Puis, au plan national, malgré l’existence de nombreux textes de protection, le travail des enfants reste un problème en Côte d’Ivoire. Des solutions spécifiques doivent être envisagées :
- Le renforcement du cadre juridique et son application stricte : Il faut combler les lacunes juridiques et veiller à l’application effective des lois interdisant le travail des enfants.
- Éduquer la population parents et enfants de l’impact de ces pratiques sur l’avenir de leurs familles mais surtout sur leur santé.
- L’intégration de la problématique dans les politiques publiques : Les gouvernements ivoiriens doivent intégrer des stratégies spécifiques pour éradiquer le travail des enfants dans leurs plans de développement économique et social.

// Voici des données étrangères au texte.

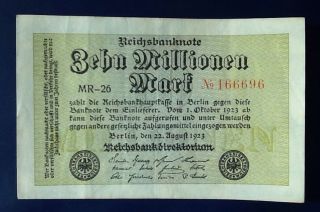 German 10 Million Mark 1923 Reichsbanknote Old Germany Money Currency Marks photo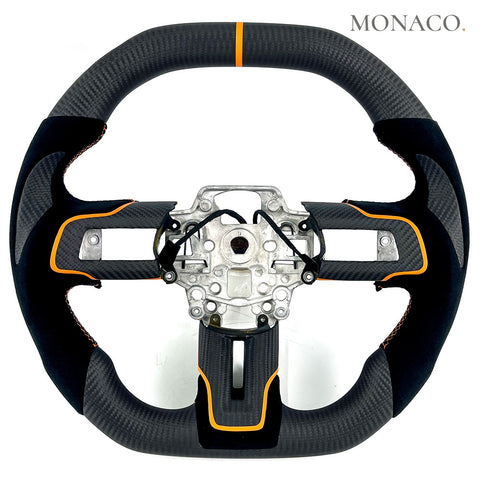 Custom carbon fiber steering wheel for Ford Mustang GT Shelby S550 (2015–2018): Black Suede Matte Carbon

- L’augmentation du nombre d’écoles, en particulier dans les zones rurales, est une priorité. La gratuité étant établie, faudrait amoindrir les formalités pour les inscriptions à l’école ou en ce qui concerne les bourses car cela ne facilite pas l’accès de tous.
- Instruire sur le discernement entre les notions d’aide familiale et de main d’œuvre en faisant des rencontres avec les familles dans ces milieux ou en procédant à une communication dans les différentes zones concernées en insistant sur le fait que l’aide familiale est temporaire et formatrice (ex. aider après l’école, apprendre une activité), tandis que le travail infantile est permanent, épuisant et remplace l’école.

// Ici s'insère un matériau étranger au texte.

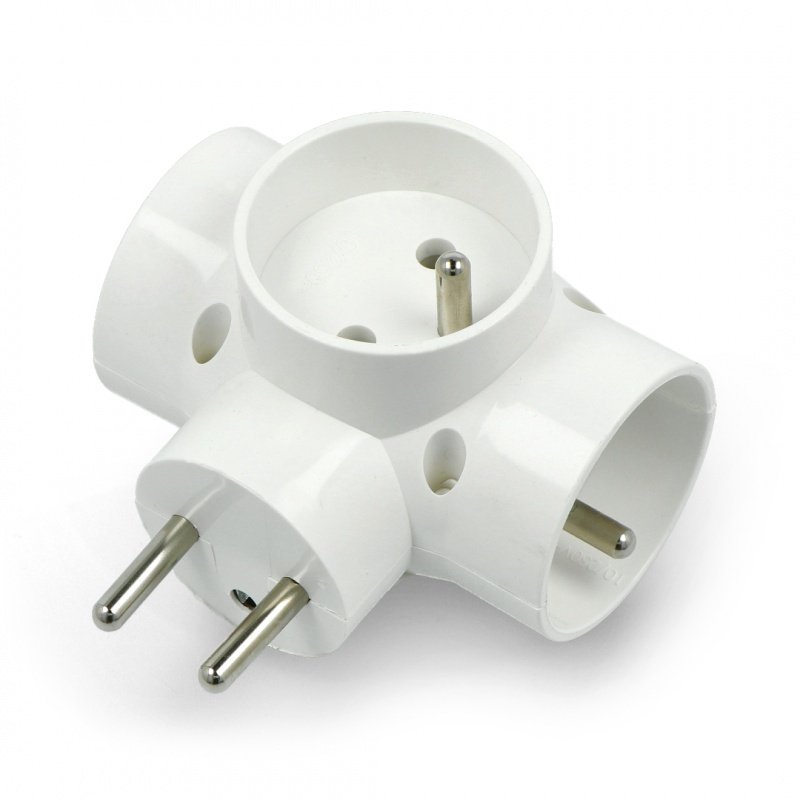 DPM triple AC 250V socket outlet splitter - white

- La lutte contre la pauvreté des familles : La précarité économique est l’un des facteurs majeurs expliquant le recours au travail des enfants. Des programmes de soutien aux familles vulnérables existent déjà mais faudrait insister sur une grande ouverture du marché de l’emploi accessible à tous que ce soit pour les jeunes ou les adultes en fonction de leur aptitude ainsi que d’autres critères de sorte à favoriser une main d’œuvre abondante dans ces secteurs d’activité.
- La sensibilisation et l’implication de la société civile : Il est nécessaire d’intensifier les campagnes de sensibilisation auprès des populations locales, afin qu’elles comprennent l’importance de l’éducation et les dangers du travail infantile.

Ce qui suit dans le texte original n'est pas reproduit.